For content that consists of infographics or complex charts or tables, alt text might not suffice. Lanier said she might not want all the information that’s displayed in a 20-row, five-column chart to be crammed into alt text; it’s too much to process. Instead, the same information could be provided in a separate content piece written with non-visual users in mind.

To repeat or not to repeat?

Advice differs on how much information an alt text description should repeat. Sometimes, editors or content creators use the same text for the caption and the alt text, for example. Lanier is fine with that; Elliott believes it is unnecessary—and a missed opportunity to provide additional information. They agree on one thing though: Even poorly written alt text is better than none. Without alt text, they won’t even know that an image exists.

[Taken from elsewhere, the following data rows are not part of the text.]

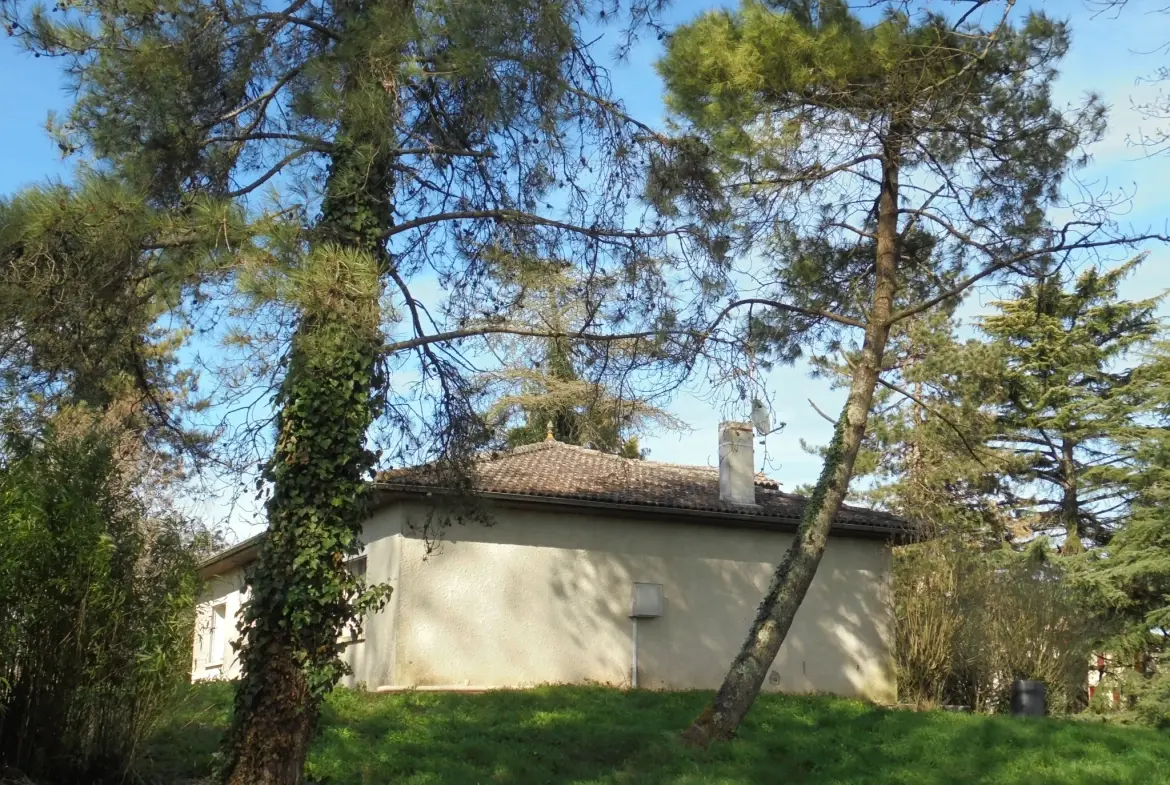 Maison de plain-pied à rénover avec grand terrain près de La Réole 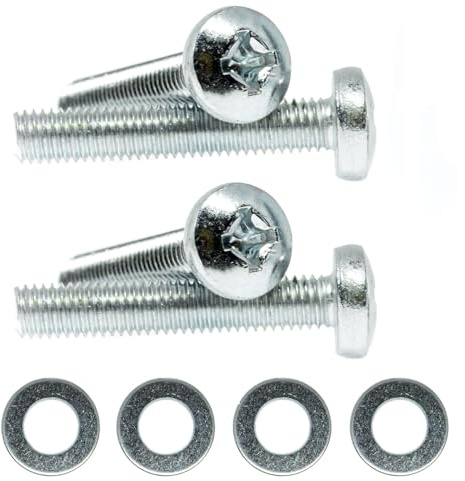 M8 x 30mm TV Wall Mount Bracket Screws for TVs All Brands Pan Head Bolts + Washers H01B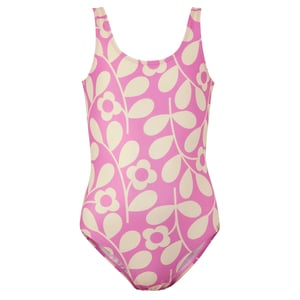 Regatta Meisjes Orla Kiely Jasmine Bloem Eèndelig Zwempak (Lila/Crème)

A common error that many content creators make is assuming that the screen reader will read any text in an image or infographic; consequently, they omit that text from their alt text descriptions. But even if something appears to be text, if it is part of an image file, the screen reader recognizes it as an image. That means that any text that is part of a logo, a photo or graphic, an infographic—anything that is not actual text—is not read by the screen reader. In these instances, repetition is vital: Alt text should include all text from the image.

An added benefit

Writing useful alt text descriptions is a key step in making content accessible to learners who have visual impairments. But, as with most accessibility features, everyone benefits—even the publisher. The alt text is searchable, which means that it can boost SEO results. When writing alt text, editors can include keywords, if they are appropriate to the description.